Aktifitas menulis bisa menghindarkan seseorang dari jebakan fanatisme, radikalisme agama. Sebab sebagian penulis akan selalu menelaan masalah dengan pikiran terbuka, mereka mempunyai wawasan luas, tidak hanya sekedar menulis tetapi membuka cakrawala pengetahuan. Tidak terjebak dalam doktrin-doktrin sempit yang membuat penulis menjadi terjebak dalam pola pikir radikal. Mereka akan terbuka pada perbedaan pandangan dan tidak mudah terhasut oleh berita-berita yang belum tentu benar. Dalam wawasan penulis yang luas akan muncul sikap kritis, tidak mudah percaya kalau tanpa data dan riset.

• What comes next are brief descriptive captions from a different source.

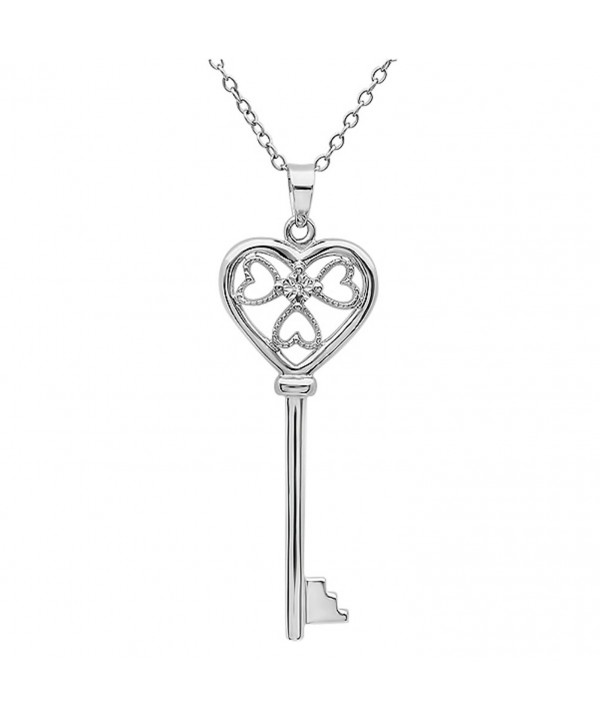 Diamond Heart Pendant Necklace Sterling Silver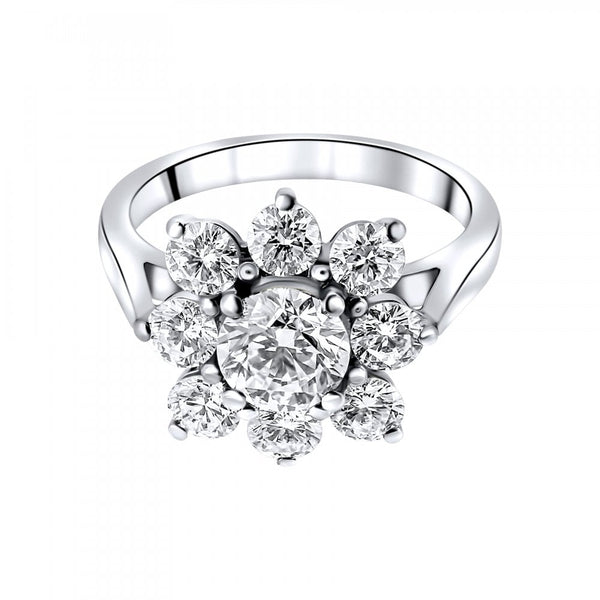 Platinum 1.02ct D VS2 EGL & 1.37ct round diamond cluster ring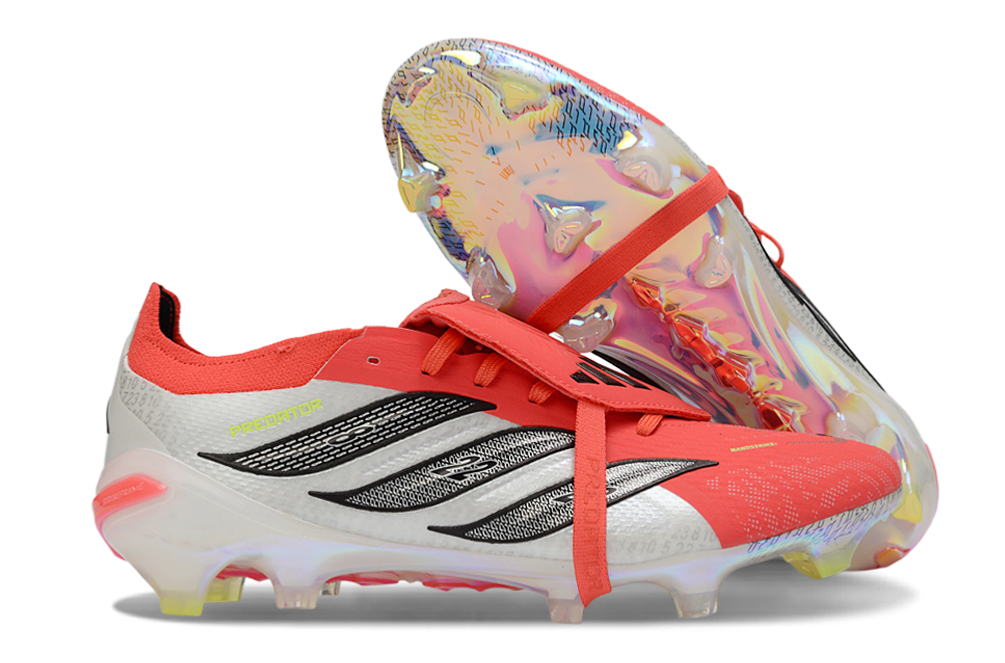 Predator Elite Cleats With Tongue Red and White #12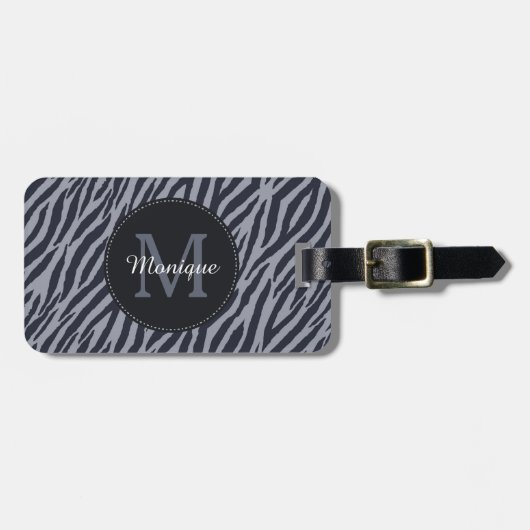 濃スタイリッシュ色ゼブラ印刷モノグラムと名前 ラゲッジタグ (正面横)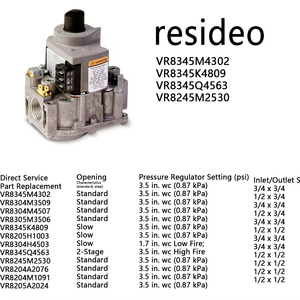 Resideo tiêu chuẩn kép trực tiếp đánh lửa/liên tục thí điểm van khí 2 giai đoạn vr8345q4563 vr8345m4302 VR8345Q4563-for nồi hơi bộ phận - Product Image 2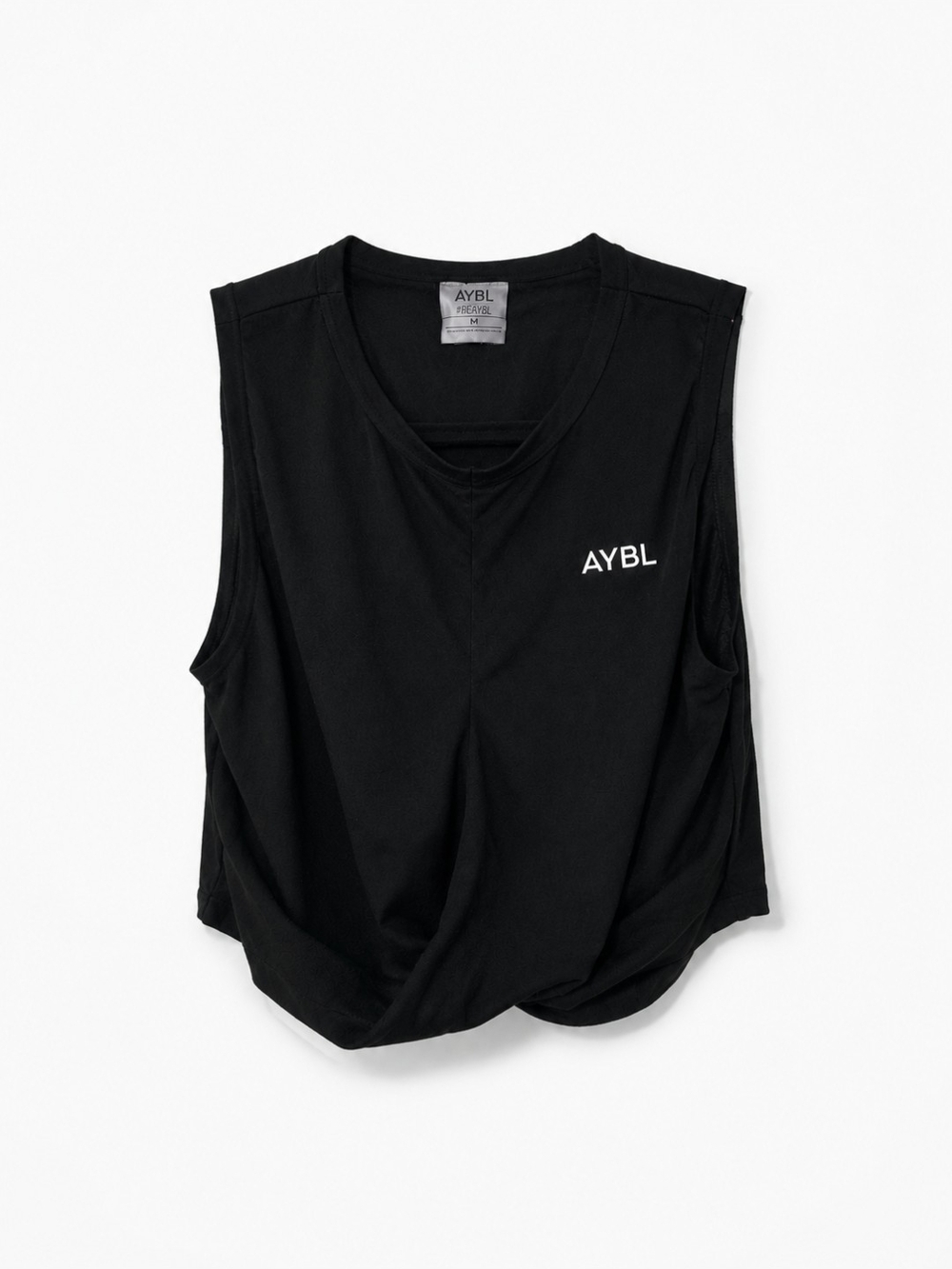 AYBL Black Twist Front Cropped Workout Tank Top Size M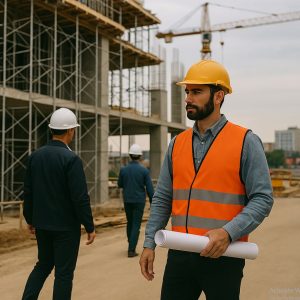 مهندس در حال بررسی نقشه‌های ساختمانی – بیمه مسئولیت حرفه‌ای مهندسین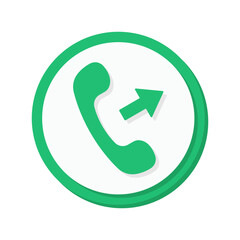 A bold green phone call icon vector with an arrow symbol, perfect for indicating outgoing calls in communication apps or contact related design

Maka jika ada penulis yang sering menulis tanpa data dan riset dan hanya berdasarkan katanya-katanya maka penulis itu perlu membuka diri. Kualitas tulisan penulis itu akan terukur jika apa yang dituliskan itu adalah endapan permenungan, pengetahuan, luasnya pandangan, resensi yang banyak dan sudut pandang pemikiran yang mampu membuka cakrawala pengetahuan bagi pembaca.
Ladang Pengabdian Yang Berbeda Tidak Memilih Menulis Sebagai Hasrat Hobi Mereka
Guru yang belum mempunyai semangat untuk menulis, mungkin saja karena kesibukan mengemban tugas-tugas berat harus menyingkirkan dulu hasrat menulisnya, pengabdian guru bisa di mana saja, ketika ia sudah menginspirasi karena perhatian dan concernnya pada masa depan anak, selalu melakukan pendampingan, konseling dan rangkulan erat layaknya orang tua dan anak itu juga merupakan sebuah tugas mulia. Guru yang bisa membagi waktu antara mengajar dan menulis juga mempunyai nilai plus sendiri, paling tidak karya-karya tulisnya bisa mendorong anak didiknya untuk terinspirasi pada hobi guru di samping memberikan ilmu juga menginspirasi siswanya untuk berkarya literasi.
Tidak semua guru mempunyai hasrat menulis tinggi. Mereka mempunyai talenta dan ladang pengabdian yang berbeda. Salam.